Other U.S. Food and Drug Administration (FDA)-approved medications like Dysport®, Xeomin® and Jeauveau® work similarly. But Botox is the market leader, with about 90% of treatment targeting the upper face. “We prefer it because it’s predictable and we know it works,” Dr. Poblete says.
It’s approved by the FDA for treating laugh lines, crow’s feet, forehead lines and the creases between the brows, sometimes called “11 lines.”
Anyone over 18 can receive these injections, but most people are 30 to 60 years old.
Although it can also be used as a preventive measure to delay some wrinkles from developing, it’s not a great idea. “I tend to discourage patients from using it for that,” Dr. Poblete says, “because when the lines aren’t there yet, it’s difficult to gauge its effectiveness.”
“Getting Botox is a quick outpatient procedure performed with a fine needle,” Dr. Poblete says. “You should see the full effect within three days to a week.”
Think of Botox like a haircut: The effects don’t last forever, and in time, the effects wear off. After four to six months, your muscles will begin regaining movement, and your wrinkles will start returning.
It’s safe to have Botox done again.
“Aging is a deflationary process,” Dr. Poblete says. That means that as people get older, they tend to lose fat in their faces. Dermal fillers are used to help restore the look of fullness that’s common in youth.
Enter dermal fillers such as Juvederm® and Restylane®, which can temporarily mimic the return of the facial structure of your youth by adding volume. (There are other varieties of fillers, too. The product your doctor chooses is largely dependent on the area they’ll be treating.)
Fillers are commonly used in the depressions around the corners of the mouth and cheekbones. One of the most popular uses of dermal fillers is lip fillers, which use synthetic hyaluronic acid to increase the volume of your lips. Juvederm is also approved for infraorbital hollows and the chin/lower face area.

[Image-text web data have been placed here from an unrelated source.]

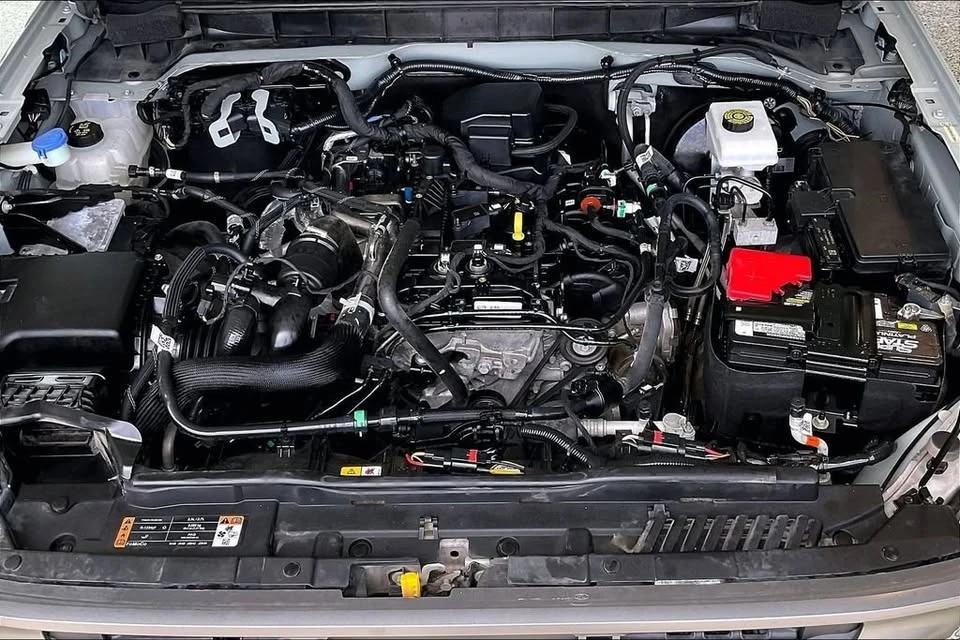 2021 Ford Bronco 6th Gen - Image 10 of 20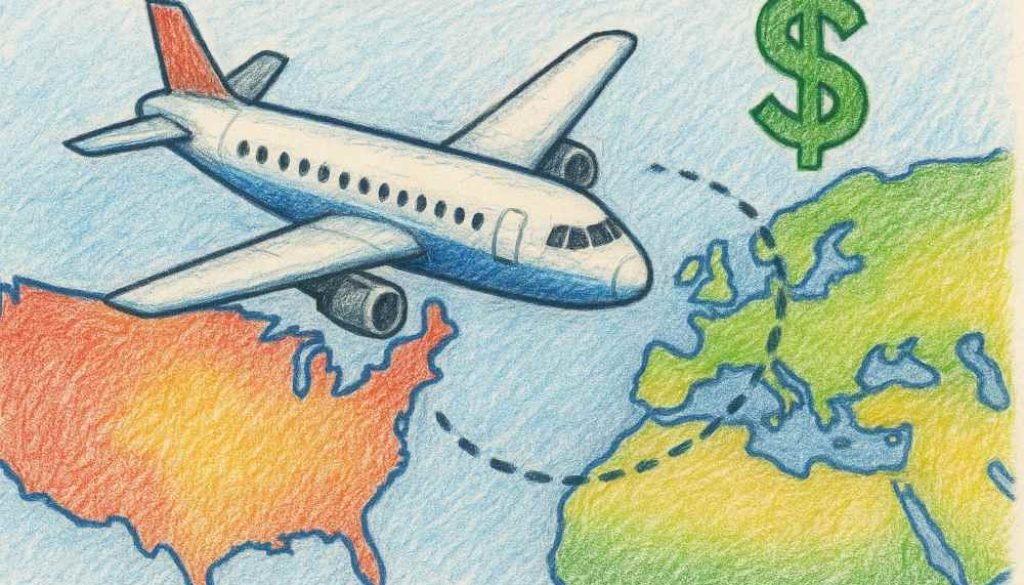 Cheapest Countries to Fly To from the USA Right Now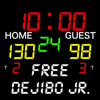 Basketball Timer -Dejibo Jr. Free-
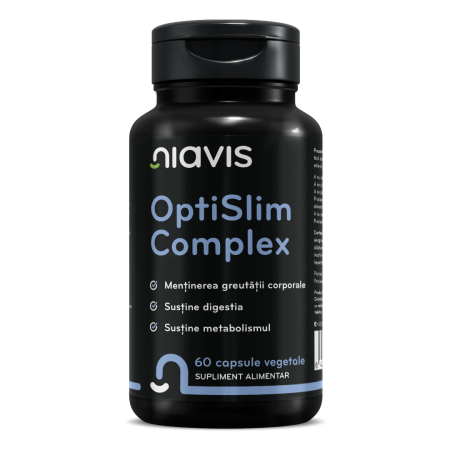 Suplimente - OptiSlim Complex 60 cps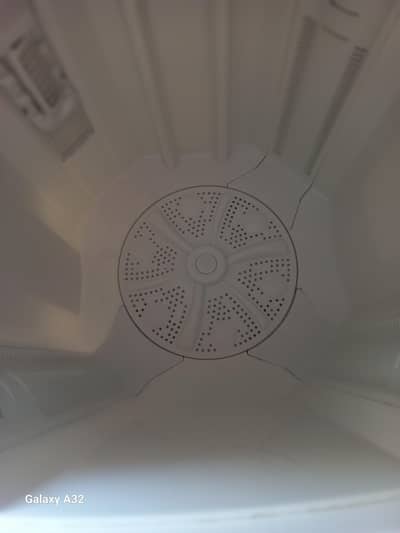 washing machine  I zone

“Most dermal fillers last anywhere from nine to 12 months, depending upon the patient and where we’re targeting the injections,” Dr. Poblete says. Juvederm Vollure® and Voluma® last closer to 15 to 18 months.
In short, they treat different types of lines.

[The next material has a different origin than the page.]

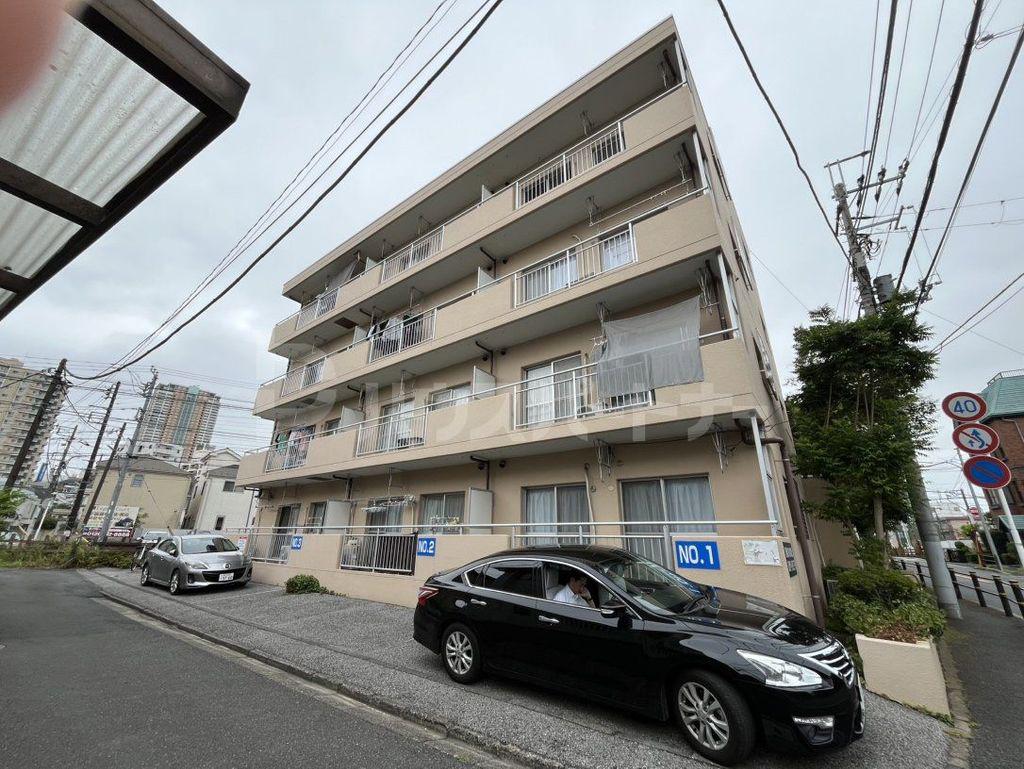 アーバンハイツ市川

Botox prevents the flexing of muscles that cause wrinkling, while dermal fillers fill in the type of wrinkles that come from a loss of collagen, volume and elasticity. “The lines in the lower part of the face aren’t due to repeated muscle movement,” Dr. Poblete explains. “They come from a change in facial structure over time.”
Because they focus on different parts of your face, it’s possible to get both Botox and dermal fillers, or to get more than one type of filler.

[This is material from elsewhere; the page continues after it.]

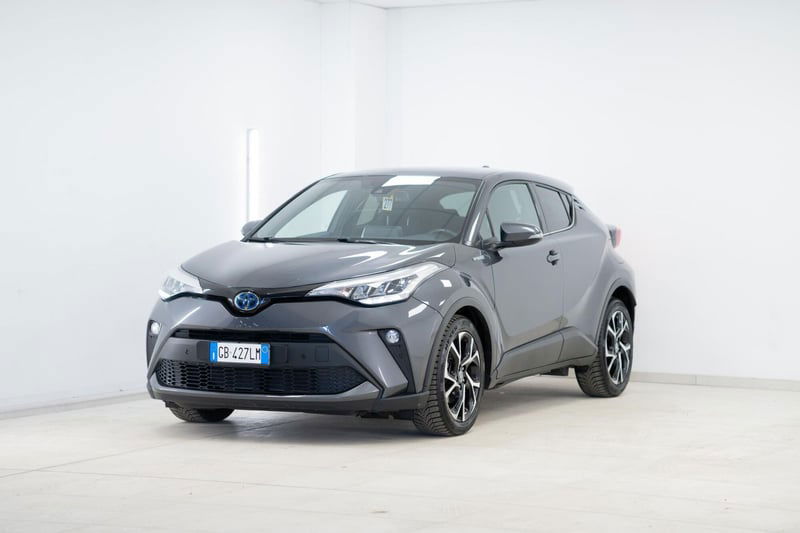 Toyota Toyota C-HR 1.8 Hybrid E-CVT Trend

“Usually it’s best to get a combination of different fillers to get optimal correction,” Dr. Poblete says. “Together, Botox and dermal fillers can work together to rejuvenate the face.”
In 2015, the FDA approved Kybella®, or deoxycholic acid, as a nonsurgical treatment for addressing neck fullness or fat, known as the double chin. This treatment can be a good alternative to liposuction, as long as you’re willing to have multiple treatments and willing to wait several months for the final results.
But it takes some time to take effect. The treatment consists of receiving two to three injections about four to eight weeks apart. It works best for people with mild to moderate fullness and not too much excess skin. If the skin is too loose, no injection can tighten it.
“Any cosmetic injection treatment has potential side effects,” Dr. Poblete says. “It’s best to talk with your doctor about the specific injections you’re receiving, as side effects may vary.”
You should also have a thorough discussion with your doctor to understand what’s realistic in terms of results. It’s important to know that you aren’t going to get facelift results from nonsurgical treatments like Botox or dermal fillers.
“They can’t replace surgery,” Dr. Poblete says, “but they can improve your appearance.”